## WHAT IS BEING ASKED
The reply is to be the lines from the one with "واگذاری کلیه اجناس و قفسه|حراج|طبس, |دیوار" through the last line of the records below, each retyped exactly, with pictures left out.

## MATERIAL TO PROCESS

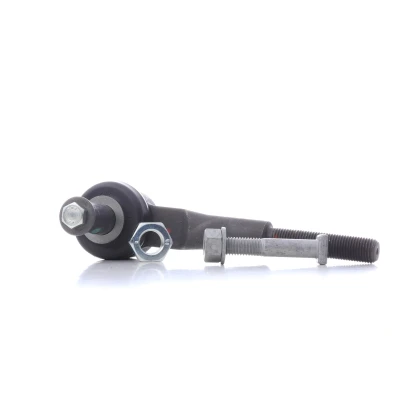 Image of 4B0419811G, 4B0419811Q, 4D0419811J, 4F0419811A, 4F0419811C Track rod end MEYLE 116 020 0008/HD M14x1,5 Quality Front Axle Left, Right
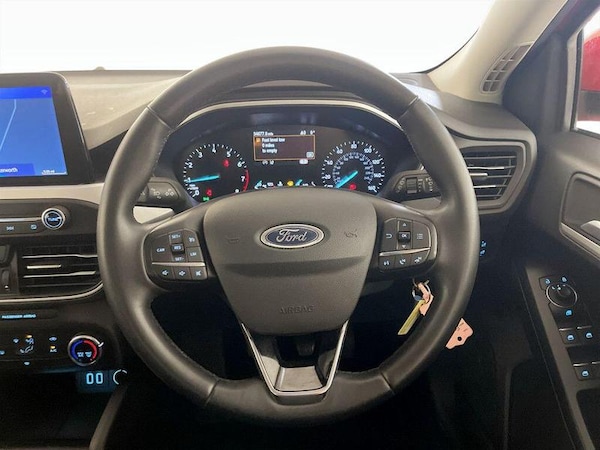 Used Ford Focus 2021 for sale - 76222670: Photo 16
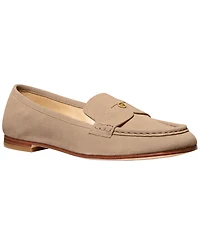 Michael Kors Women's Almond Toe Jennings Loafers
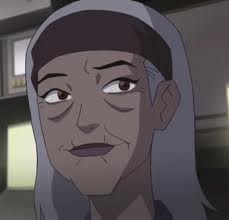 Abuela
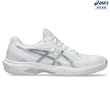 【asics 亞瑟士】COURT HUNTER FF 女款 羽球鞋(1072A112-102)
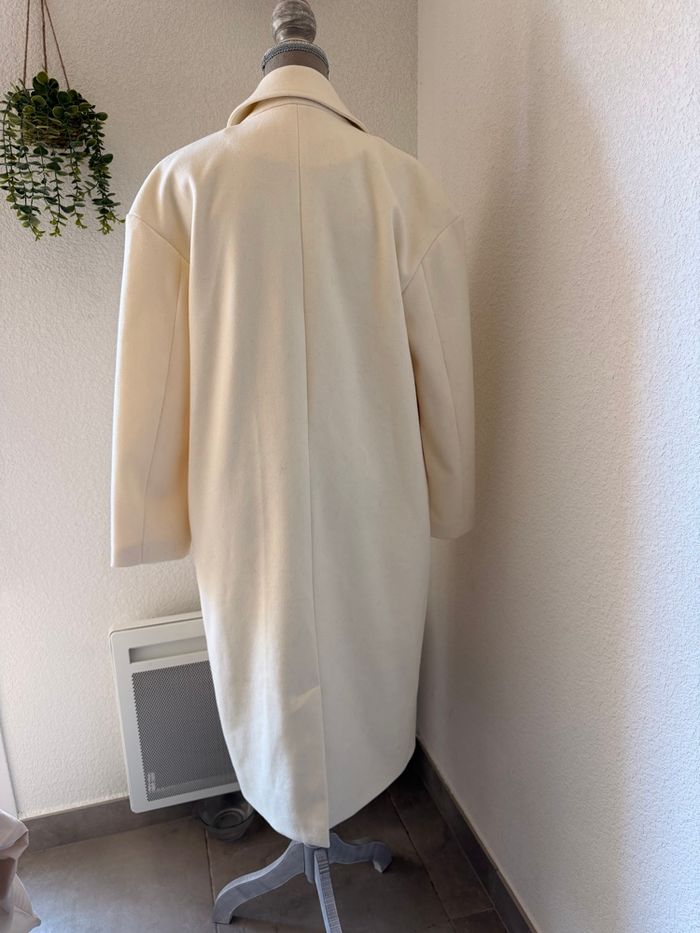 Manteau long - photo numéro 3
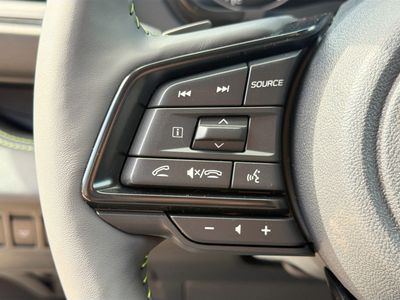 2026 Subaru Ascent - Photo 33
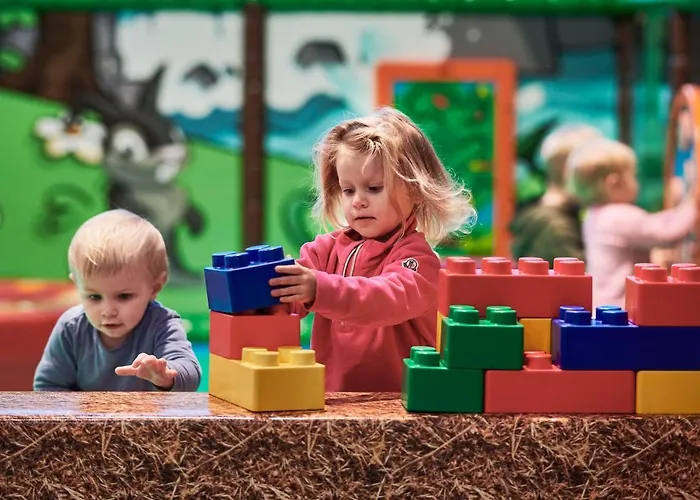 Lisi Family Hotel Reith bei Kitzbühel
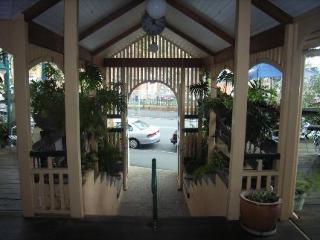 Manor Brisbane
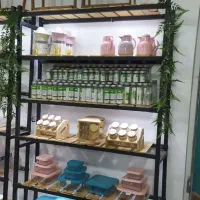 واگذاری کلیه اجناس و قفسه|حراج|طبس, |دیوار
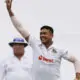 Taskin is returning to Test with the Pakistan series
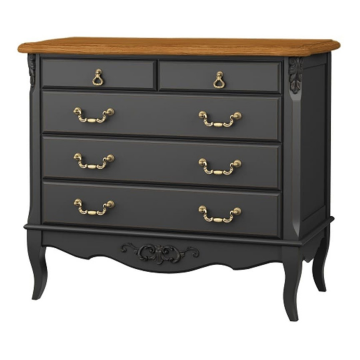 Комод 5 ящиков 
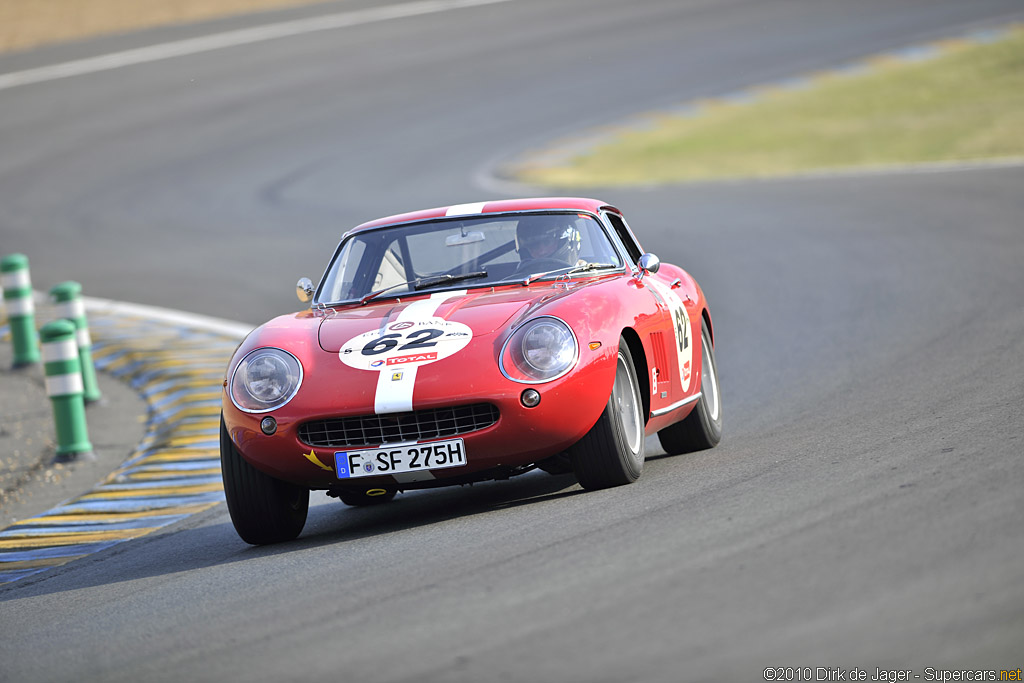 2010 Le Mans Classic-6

## TASK RESPONSE
 واگذاری کلیه اجناس و قفسه|حراج|طبس, |دیوار
 Taskin is returning to Test with the Pakistan series
 Комод 5 ящиков 
 2010 Le Mans Classic-6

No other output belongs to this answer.